Should the president make a speech to the children of America without parental approval? If "parental approval" means giving permission to the school for their children to watch it, which I think it is meant to, then I vote NO (Yes, parents should have a say). Here's why: Sometimes the things that my fellow countrymen and women become obsessed about make me shake my head. Lately, the "big deal" is the dissent by a few contrarians that the media have latched onto regarding the scheduled address by the president to the children of America during school. Apparently, there are people out there who have decided that President Obama has some hidden agenda in a speech that is intended to encourage students to work hard and stay in school.

Now, that's a pretty radical and--dare I say it--"socialist" thing to say. It must be, because obviously the president is here, compliments of a solid majority, to undermine the American way of life. There is something un-American about students staying in school! Why wasn't this speech thing a "big deal" when our cocaine snorting, convicted drunk driving ex-president made a speech to the youth of America on--get this--the dangers of drug use? Not a peep was heard from those who are making such a fuss now, and I think I know why.

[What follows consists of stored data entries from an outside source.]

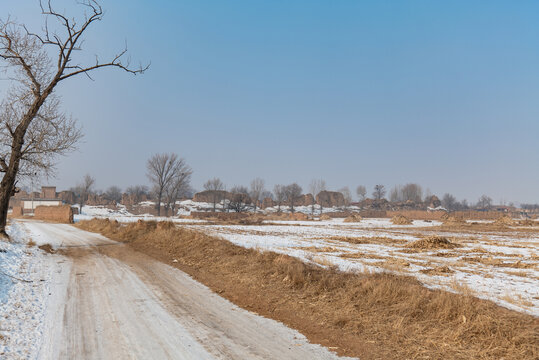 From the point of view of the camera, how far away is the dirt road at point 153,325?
5.22m

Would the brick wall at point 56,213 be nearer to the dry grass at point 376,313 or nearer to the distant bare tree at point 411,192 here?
the dry grass at point 376,313

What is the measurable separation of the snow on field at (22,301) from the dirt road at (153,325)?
0.56 ft

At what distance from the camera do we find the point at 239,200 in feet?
330

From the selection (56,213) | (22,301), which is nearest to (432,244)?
(22,301)

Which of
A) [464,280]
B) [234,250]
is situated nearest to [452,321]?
[464,280]

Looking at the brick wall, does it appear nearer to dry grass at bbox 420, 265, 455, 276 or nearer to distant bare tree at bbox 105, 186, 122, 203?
dry grass at bbox 420, 265, 455, 276

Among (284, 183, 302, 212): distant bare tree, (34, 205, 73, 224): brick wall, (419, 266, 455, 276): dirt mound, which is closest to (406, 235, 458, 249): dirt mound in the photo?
(419, 266, 455, 276): dirt mound

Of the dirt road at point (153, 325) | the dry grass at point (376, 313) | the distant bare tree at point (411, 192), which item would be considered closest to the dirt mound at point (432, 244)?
the dry grass at point (376, 313)

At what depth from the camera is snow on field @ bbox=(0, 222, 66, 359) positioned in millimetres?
5273

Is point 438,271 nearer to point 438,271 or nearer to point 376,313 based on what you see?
point 438,271

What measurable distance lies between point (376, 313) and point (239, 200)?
94.3 metres

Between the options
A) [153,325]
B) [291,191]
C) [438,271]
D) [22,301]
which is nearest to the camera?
[153,325]

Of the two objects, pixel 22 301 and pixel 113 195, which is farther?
pixel 113 195

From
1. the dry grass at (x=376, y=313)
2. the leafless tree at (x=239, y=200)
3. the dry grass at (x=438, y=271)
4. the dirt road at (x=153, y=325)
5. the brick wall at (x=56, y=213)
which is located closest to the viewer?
the dirt road at (x=153, y=325) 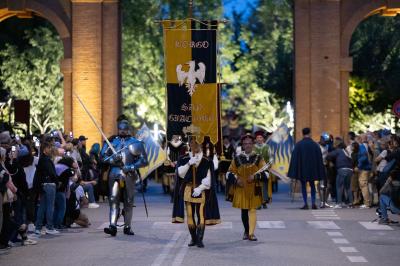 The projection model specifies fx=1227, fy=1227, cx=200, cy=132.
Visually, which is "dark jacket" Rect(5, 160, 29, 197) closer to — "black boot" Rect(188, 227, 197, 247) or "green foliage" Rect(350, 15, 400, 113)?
"black boot" Rect(188, 227, 197, 247)

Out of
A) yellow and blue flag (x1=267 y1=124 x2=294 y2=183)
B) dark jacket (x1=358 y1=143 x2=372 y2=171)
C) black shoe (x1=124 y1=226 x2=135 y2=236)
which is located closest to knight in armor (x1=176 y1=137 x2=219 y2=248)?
black shoe (x1=124 y1=226 x2=135 y2=236)

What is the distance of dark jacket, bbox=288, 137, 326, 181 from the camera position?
2955cm

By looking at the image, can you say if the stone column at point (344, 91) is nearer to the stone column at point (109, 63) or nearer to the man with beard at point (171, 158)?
the man with beard at point (171, 158)

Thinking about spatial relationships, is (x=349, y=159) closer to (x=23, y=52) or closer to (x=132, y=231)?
(x=132, y=231)

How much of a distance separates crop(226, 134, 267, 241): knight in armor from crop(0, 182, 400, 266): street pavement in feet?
1.39

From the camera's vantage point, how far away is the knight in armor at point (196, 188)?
19.6 meters

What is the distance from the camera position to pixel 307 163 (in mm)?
29672

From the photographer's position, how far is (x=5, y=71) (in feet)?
190

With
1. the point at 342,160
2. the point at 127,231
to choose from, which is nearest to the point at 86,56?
the point at 342,160

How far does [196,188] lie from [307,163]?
33.9 ft

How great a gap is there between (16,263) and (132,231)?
501 cm

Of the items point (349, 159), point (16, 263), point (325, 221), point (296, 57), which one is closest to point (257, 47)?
point (296, 57)

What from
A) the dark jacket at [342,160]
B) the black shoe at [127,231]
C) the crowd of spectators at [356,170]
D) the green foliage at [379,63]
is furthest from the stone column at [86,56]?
the black shoe at [127,231]

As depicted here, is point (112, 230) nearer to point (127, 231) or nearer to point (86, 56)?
point (127, 231) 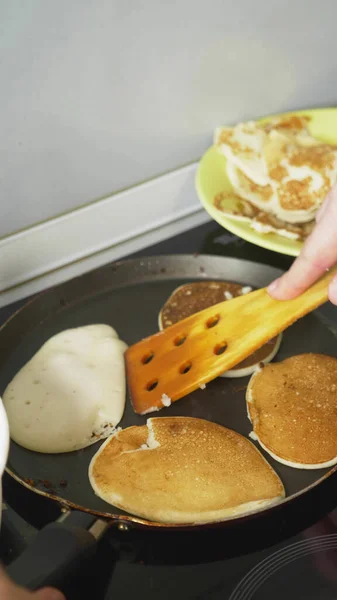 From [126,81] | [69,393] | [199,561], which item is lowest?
[199,561]

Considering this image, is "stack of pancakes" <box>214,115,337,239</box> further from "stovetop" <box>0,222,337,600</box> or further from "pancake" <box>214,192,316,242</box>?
"stovetop" <box>0,222,337,600</box>

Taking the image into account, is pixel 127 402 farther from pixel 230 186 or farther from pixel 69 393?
pixel 230 186

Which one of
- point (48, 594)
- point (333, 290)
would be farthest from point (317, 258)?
point (48, 594)

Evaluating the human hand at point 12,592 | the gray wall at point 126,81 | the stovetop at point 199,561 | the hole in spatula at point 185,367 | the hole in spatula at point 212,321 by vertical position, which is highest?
the gray wall at point 126,81

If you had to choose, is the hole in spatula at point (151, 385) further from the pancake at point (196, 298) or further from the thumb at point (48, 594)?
the thumb at point (48, 594)

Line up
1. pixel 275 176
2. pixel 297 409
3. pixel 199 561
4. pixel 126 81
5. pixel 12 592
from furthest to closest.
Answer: pixel 275 176 < pixel 126 81 < pixel 297 409 < pixel 199 561 < pixel 12 592

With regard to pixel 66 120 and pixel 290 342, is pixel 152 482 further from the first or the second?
pixel 66 120

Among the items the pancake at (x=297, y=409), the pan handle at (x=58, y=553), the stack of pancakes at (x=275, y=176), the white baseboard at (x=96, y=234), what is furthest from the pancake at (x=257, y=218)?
the pan handle at (x=58, y=553)

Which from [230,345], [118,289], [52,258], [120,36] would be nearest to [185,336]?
Answer: [230,345] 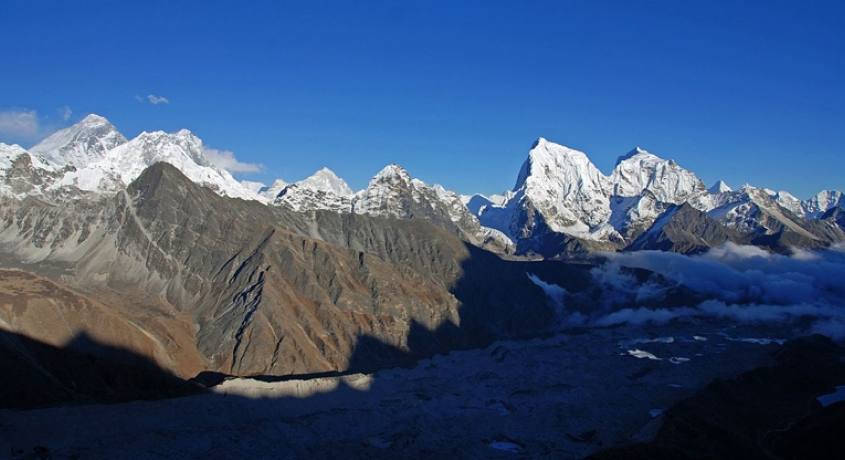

First, let me say that I agree that parents should have a say in what their students hear in school. The things I've heard from educators in my nearly four decades of education would shrivel even the most hardy supporters of compulsory education, and parents are lethargic as hell. And yet, the fact that the president wants to make a simple speech has people in a panic defies logic.

The reason there are those who do not want their children to hear the president has nothing to do with his message. It has to do with who he is, and what he stands for. In other words, the people who oppose this address, do so because they oppose or fear something in the president's agenda, or quite simply, because of his genetics. The reason this wasn't a big deal when the former president, king of dishonesty, gave his address, is because typically, those who show such opposition to Obama are nearly, if not all, right wingers, and those on the left didn't make a stink about George II because they trust their children to take in information, analyze it, and make up their own minds. Conservatives generally want to tell their children what and how to think. They have no idea how resistant children are to this tactic, even though it may not seem obvious at the time.

So, how would I vote in this silly poll? If it counted at all, I would say that yes, parents have the right to have their children not hear the address: It is their right. But, I would add, that it would be a terrible disservice to their children, and undermine the confidence and respect that all citizens should have in the head of state, regardless of who it is.